Le cycle actuel d'Emmylou Harris, qui ne cesse de raffiner ses propositions chansonnières depuis les débuts de sa carrière, nous permet entre autres de découvrir le guitariste, auteur, compositeur et interprète Buddy Miller, qui assurait dimanche la première partie de son employeuse en plus d'être son accompagnateur central. Superbe chanteur doublé d'un instrumentiste chevronné, usant d'un humour subtil (on retiendra une séquence drolatique d'auto-apitoiement au sujet de son triple pontage coronarien), Miller fait aussi partie de l'élite country.

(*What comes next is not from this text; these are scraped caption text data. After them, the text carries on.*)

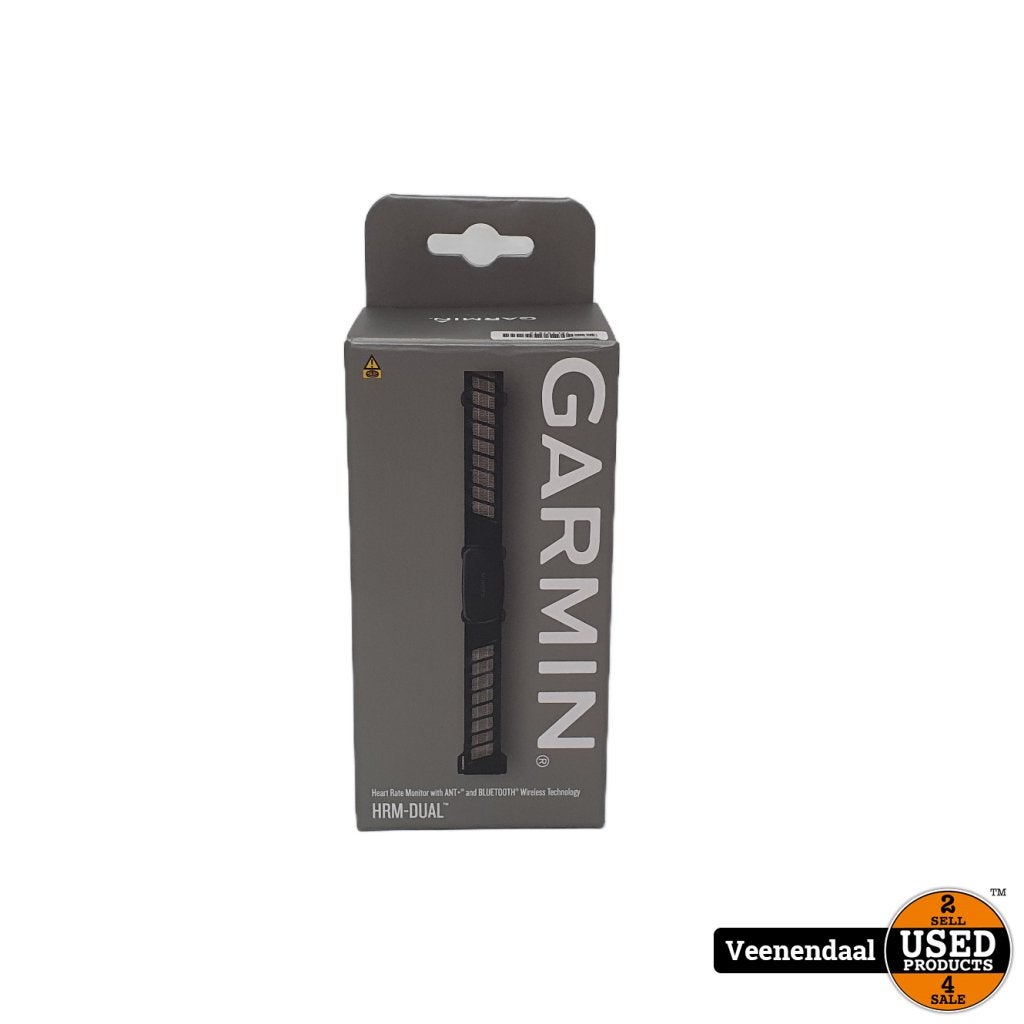Garmin HRM Dual Hartslagmeter Nieuw in Doos!, Garmin, Gebruikt, Support@garmin.com, MÃ¼hlentalstrasse 2
8200 Schaffhausen
Switzerland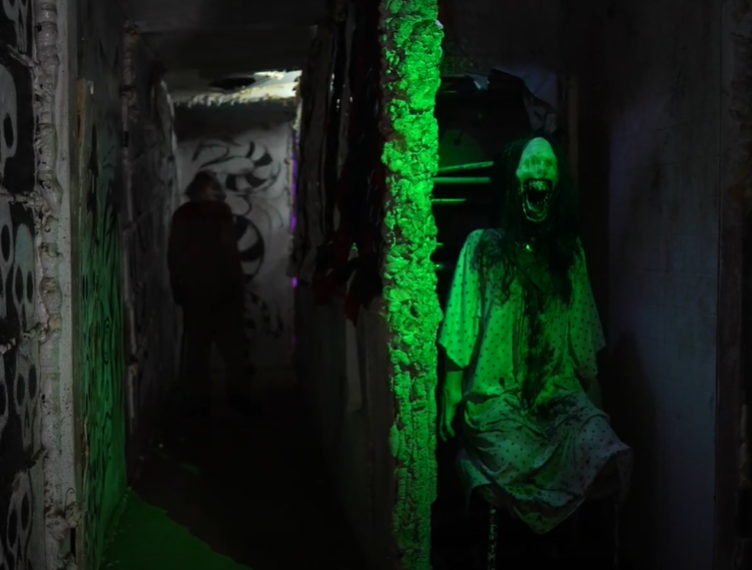 The Haunted House Video Twitter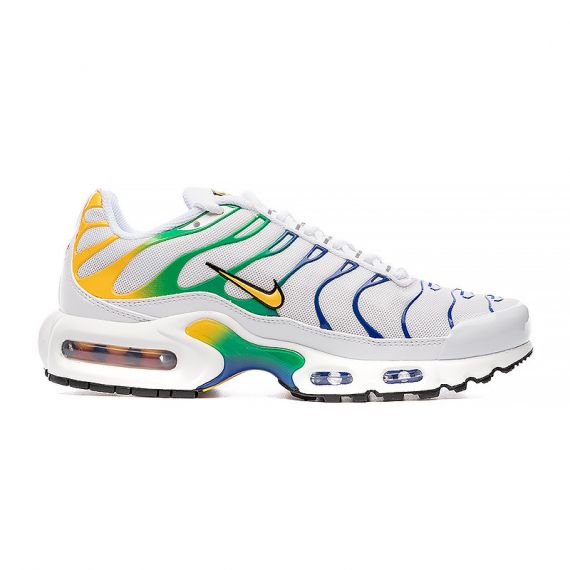 Кросівки Nike W Air Max Plus DZ3671-101, Колір: білий, Розмір виробника: 40.5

Ainsi, son accompagnement fut impeccable sur toute la ligne, tout comme celui des autres Red Dirt Boys d'Emmylou (en référence au titre d'un de ses derniers albums, Red Dirt Girl, paru en 2000) qui ont enchaîné les relectures signifiantes de son matériel original - Hold On, Take That Ride, My Antonia, etc. Également au programme, ont figuré des reprises signifiantes, ce qui nous en dit long sur le goût d'Emmylou; Even Cowgirls Get The Blues (Rodney Crowell), Save The Last Dance For Me (Doc Pomus/Mort Shuman), All That You Have Is You Soul (Tracy Chapman), Making Believe (Jimmy Work) ou encore la célébrissime Love Hurts (Everly Brothers) que la belle dame à la crinière blanche avait interprétée jadis avec Gram Parsons alors qu'elle avait la crinière brune.

Ça ne nous rajeunit peut-être pas, mais ça garde assurément le coeur jeune.